◆ **PROVIDED DATA**:
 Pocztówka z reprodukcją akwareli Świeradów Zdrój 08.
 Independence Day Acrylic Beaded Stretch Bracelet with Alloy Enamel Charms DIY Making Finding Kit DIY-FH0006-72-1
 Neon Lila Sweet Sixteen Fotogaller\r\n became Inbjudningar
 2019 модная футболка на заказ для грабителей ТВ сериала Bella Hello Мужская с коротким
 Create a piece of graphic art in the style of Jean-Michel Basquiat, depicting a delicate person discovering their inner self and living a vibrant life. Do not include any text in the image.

* * *

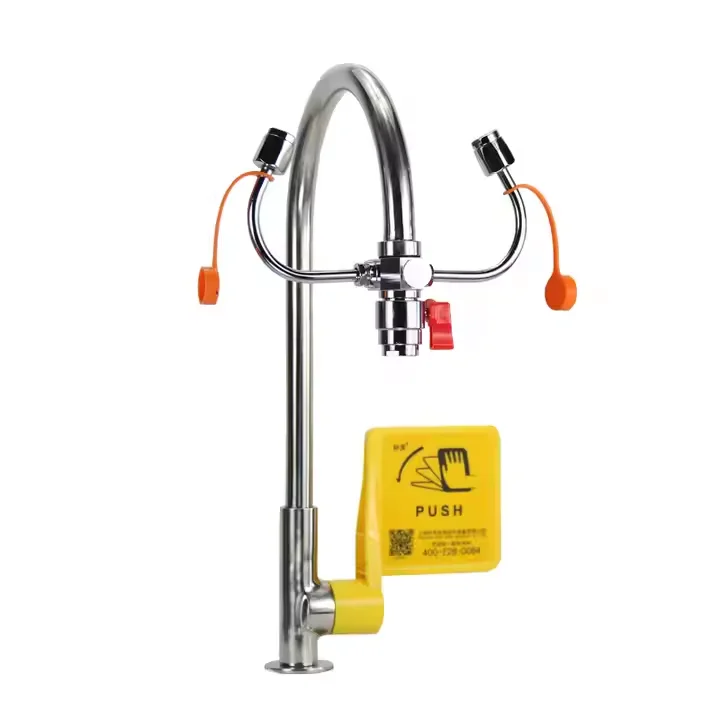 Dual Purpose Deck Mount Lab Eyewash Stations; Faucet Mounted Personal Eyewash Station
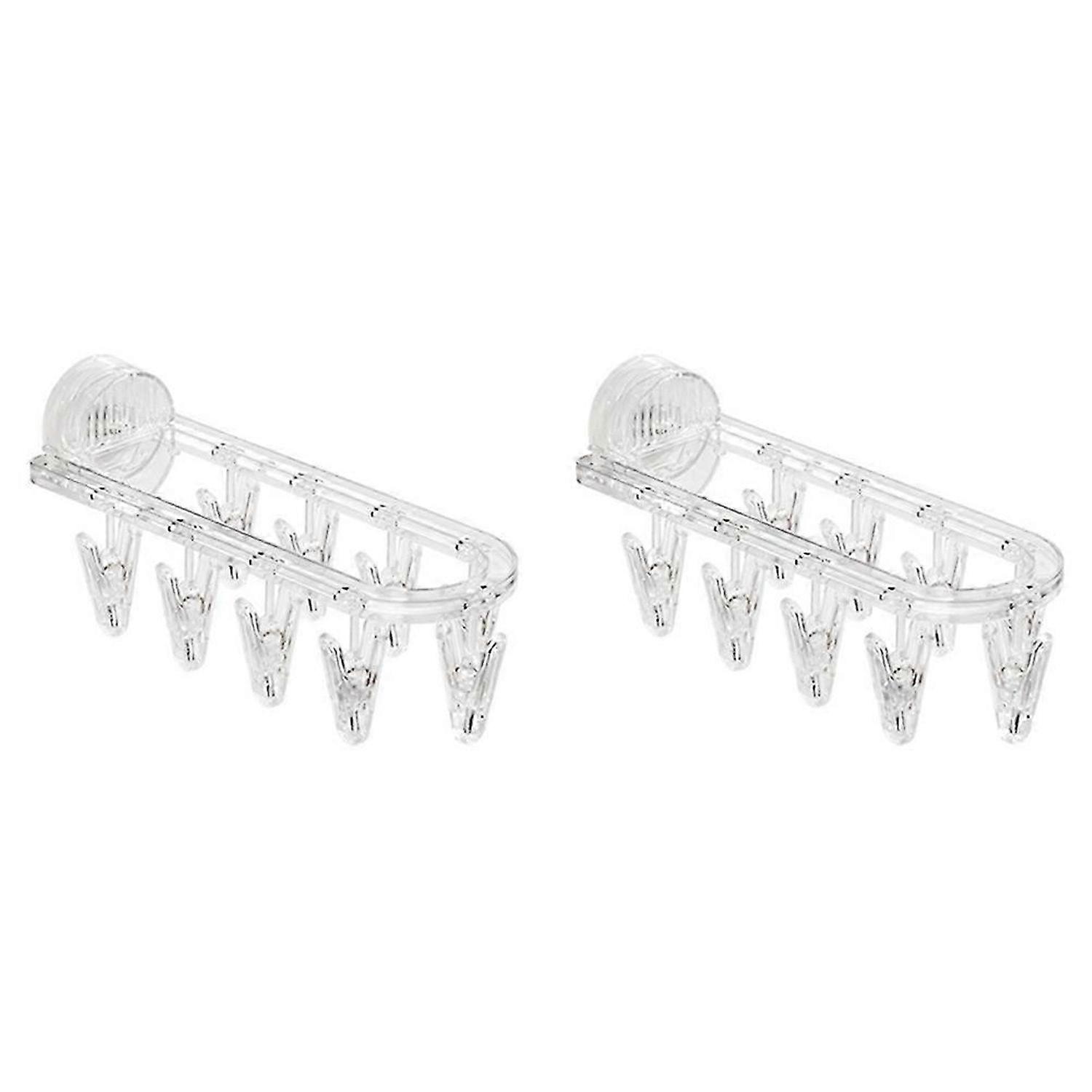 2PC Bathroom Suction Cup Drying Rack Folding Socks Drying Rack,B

◆ **TASK ITEM**:
Using the data above, reproduce exactly the lines between those holding "Pocztówka z reprodukcją" and "2019 модная футболка", inclusive, and no others.

◆ **SOLUTION FOR THIS EXERCISE**:
 Pocztówka z reprodukcją akwareli Świeradów Zdrój 08.
 Independence Day Acrylic Beaded Stretch Bracelet with Alloy Enamel Charms DIY Making Finding Kit DIY-FH0006-72-1
 Neon Lila Sweet Sixteen Fotogaller\r\n became Inbjudningar
 2019 модная футболка на заказ для грабителей ТВ сериала Bella Hello Мужская с коротким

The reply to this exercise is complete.